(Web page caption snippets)
------------------------------------------------------------
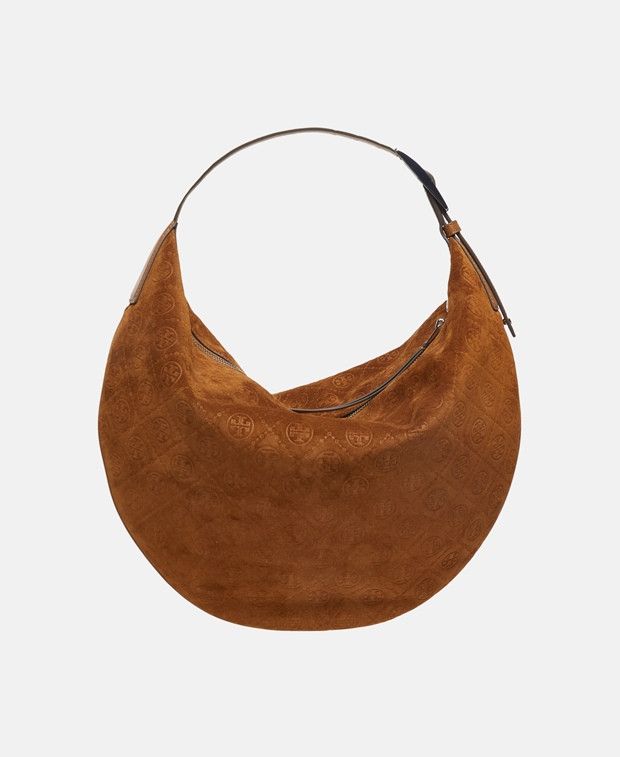 Tory Burch Leather shoulder bag Size ONE SIZE - 4 Thumbnail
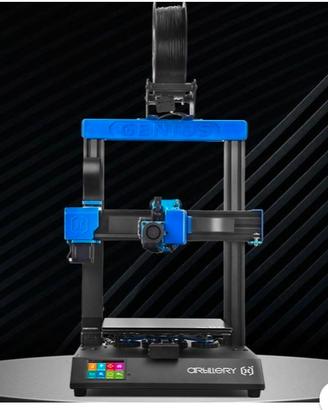 Stampante 3d genius pro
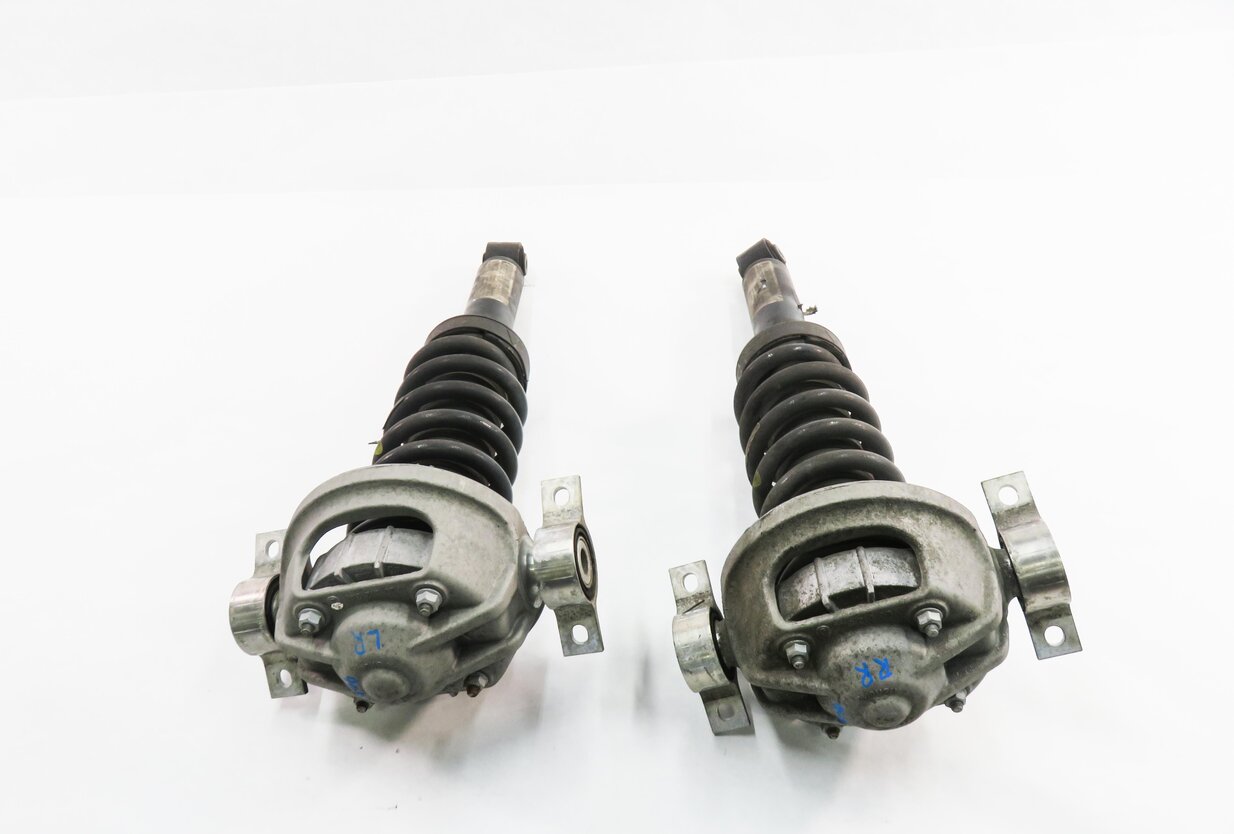 Thumbnail 5: 2007-2015 AUDI Q7 (4L) REAR LEFT & RIGHT (COMFORT) SUSPENSION SHOCK STRUT SET-2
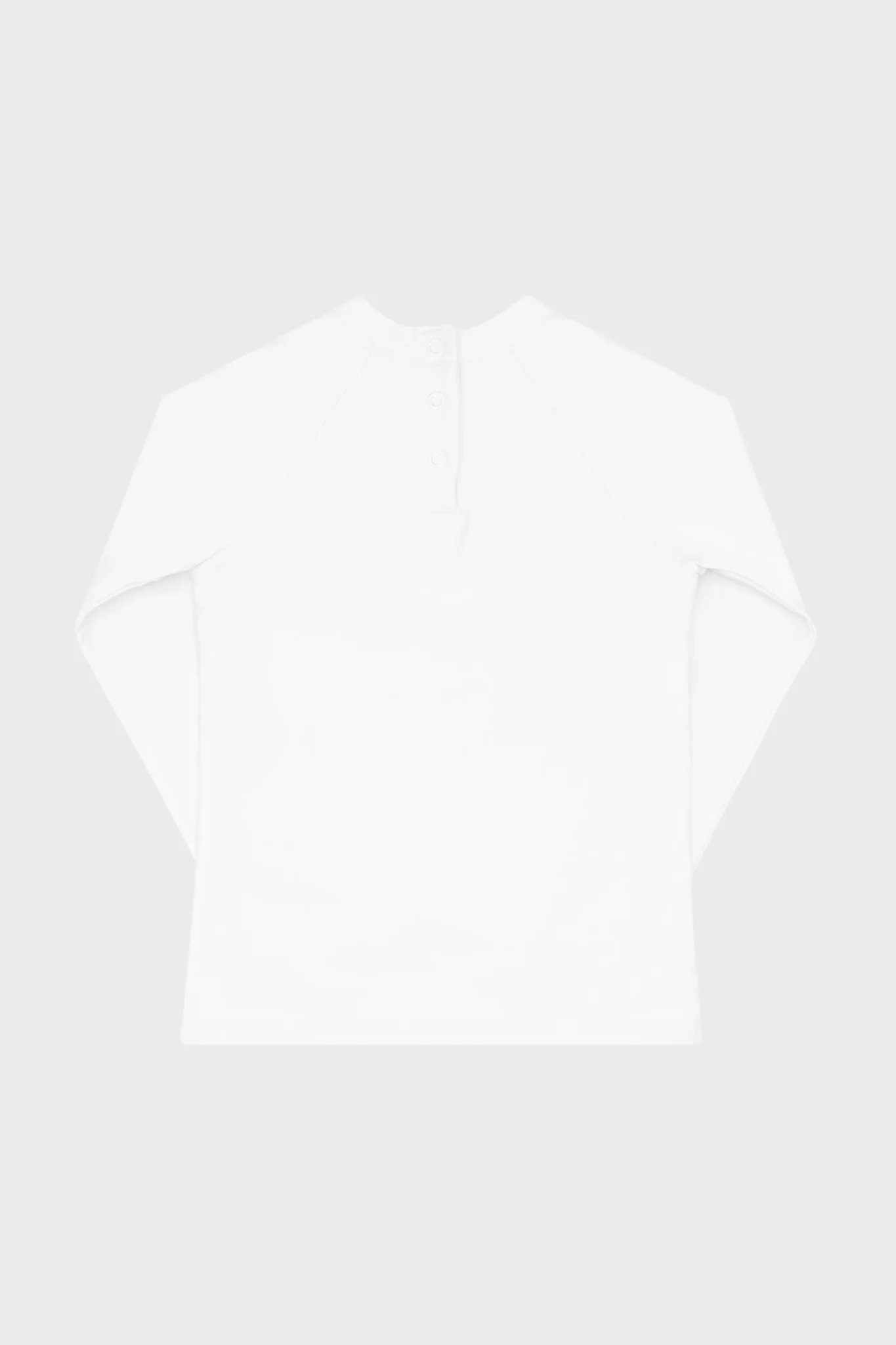 Crane White Rashguard - Image 3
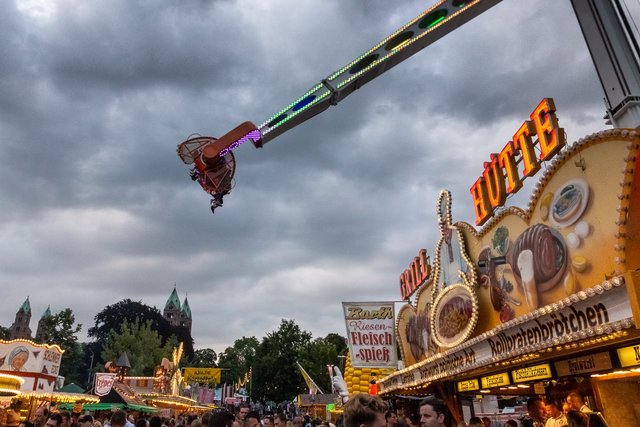 Brezelfest in Speyer | Foto: Paul Needham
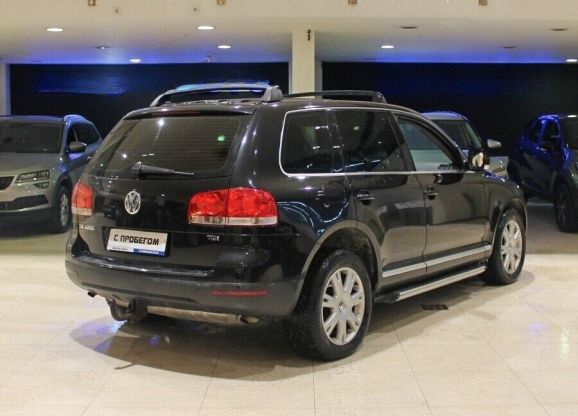 Volkswagen Touareg, 2.5 л, АТ, 2007 фото 6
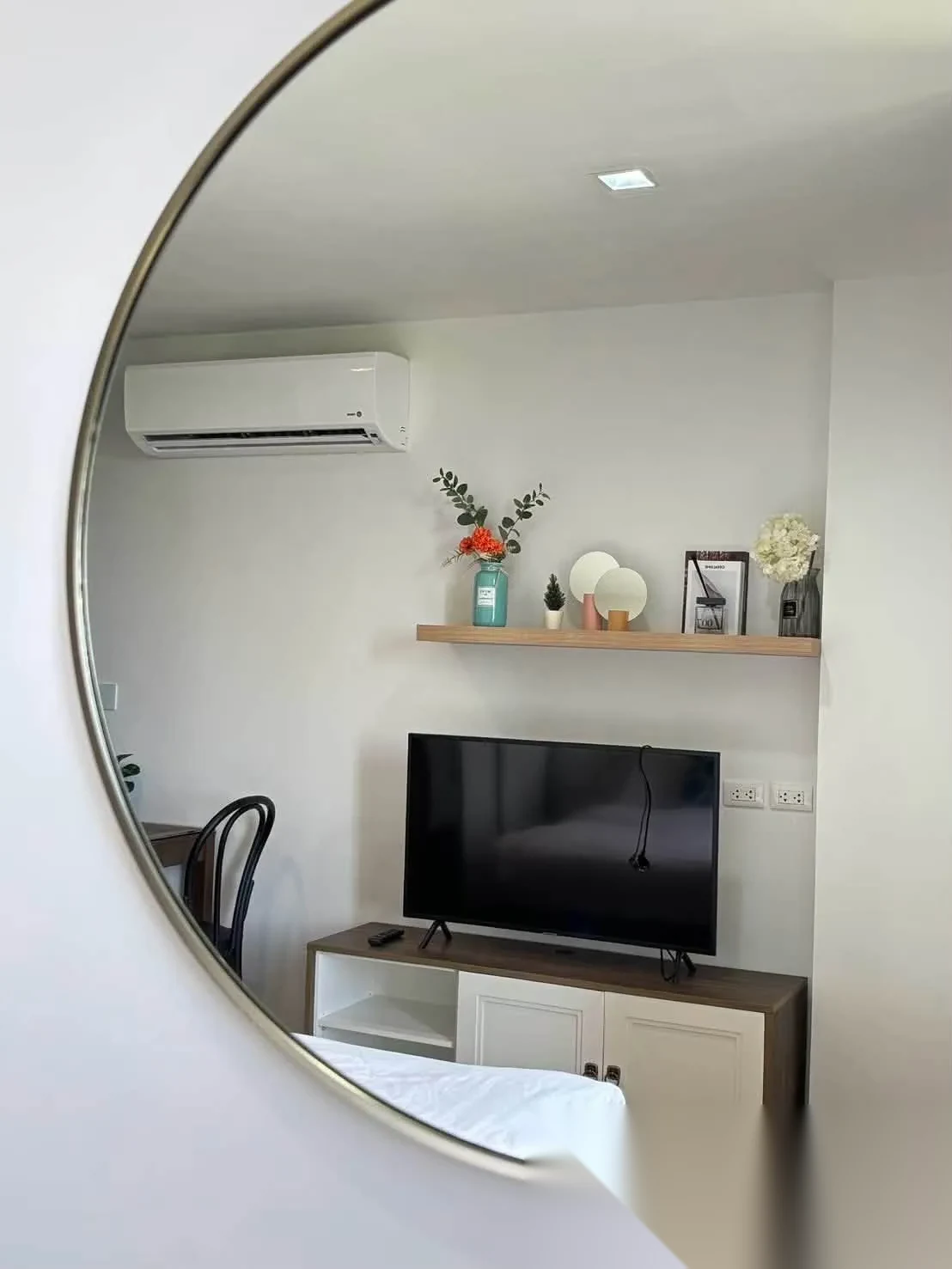 1 Bedroom Apartment for rent at THE BASE Central Phuket complex · Wichit · Pool View — photo 5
------------------------------------------------------------
### Work item:
Leaving every picture out, return the lines from the one containing "Brezelfest in Speyer | Foto: Paul Needham" through the last line of the records exactly.

### Expected answer:
 Brezelfest in Speyer | Foto: Paul Needham
 Volkswagen Touareg, 2.5 л, АТ, 2007 фото 6
 1 Bedroom Apartment for rent at THE BASE Central Phuket complex · Wichit · Pool View — photo 5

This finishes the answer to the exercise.